C’est étrange un meuble de disques parfois. On a tous des disques préférés, des disques qu’on évite car ils nous rappellent des sales moments, et des disques qui marquent des périodes de notre vie. Il y a aussi des disques qui comptent de pleins de manières comme celui-ci, sans qu’on les aime pour autant. Les histoires autour d’un disque font aussi partie du package sûrement, un peu comme cette connerie largement rebattue de silence après la musique qui est encore de la musique etc.
D’emblée, ce qui est marrant, c’est que la pochette de ces démos colle parfaitement au but recherché : oui, c’est le même disque, mais l’angle de vue est différent. Great !
Je ne vais parler que de ces versions démos, sans les comparer de façon fastidieuse avec celles sorties en 2001 et qui resteront dans la discographie officielle – quoique fasse Scott Hill.
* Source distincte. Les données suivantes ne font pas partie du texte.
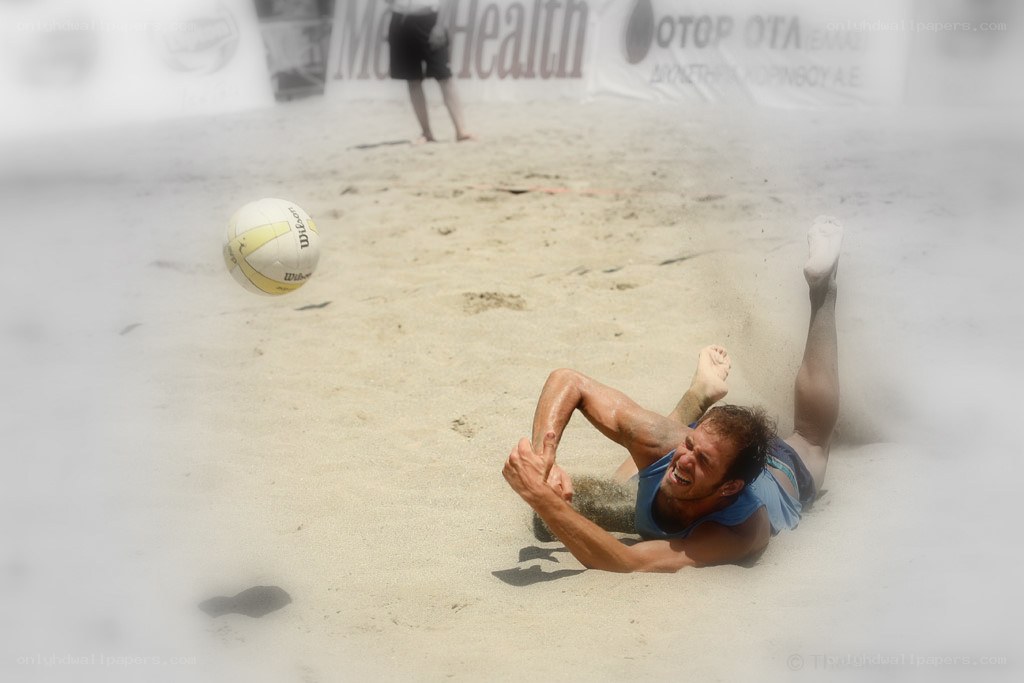 Beach volleyball player diving for ball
Ce qui avait le plus choqué les fans à la sortie du disque, c’était le fait que certaines chansons avaient des refrains aux mélodies vraiment travaillées (Separate Kingdom, Thinkin’ out loud). Chose impensable pour le groupe. Pas de quoi le faire basculer du mauvais côté, même si la culture skate est très présente (Downtown in dogtown, Ride to live (live to ride) ). Le disque contient quand même deux énormes classiques du groupe : Mongoose et Squash that fly. C’est d’ailleurs à partir de California Crossing que Fu Manchu calquera inconsciemment son œuvre sur celle des Ramones. Road to ruin est l’exemple qui me vient là comme ça. Deux classiques par disque, deux ou trois chansons dans la lignée de ce qu’ils ont fait précédemment, histoire de faire le lien, et le reste de remplissage. Des slackers, on disait. Certains voient un charme inimitable là où d’autres verront de l’amateurisme grossier. Les chansons qui ont le plus bénéficié de cette ressortie sont sans problème Ampn’, California Crossing et Hang on (qui n’avait sur l’original aucun intérêt) même si le résultat est très présent mais plutôt diffus. C’est vraiment l’ensemble qui laisse une meilleure impression. Le disque a droit à son retour avec les honneurs dans la discographie monolithique du Fu.
Cool. J’ai réussi à parler du disque sans employer les termes exagérés de fan consterné, « skate punk » et « hard FM ». Auto-censure et âge de la maturité.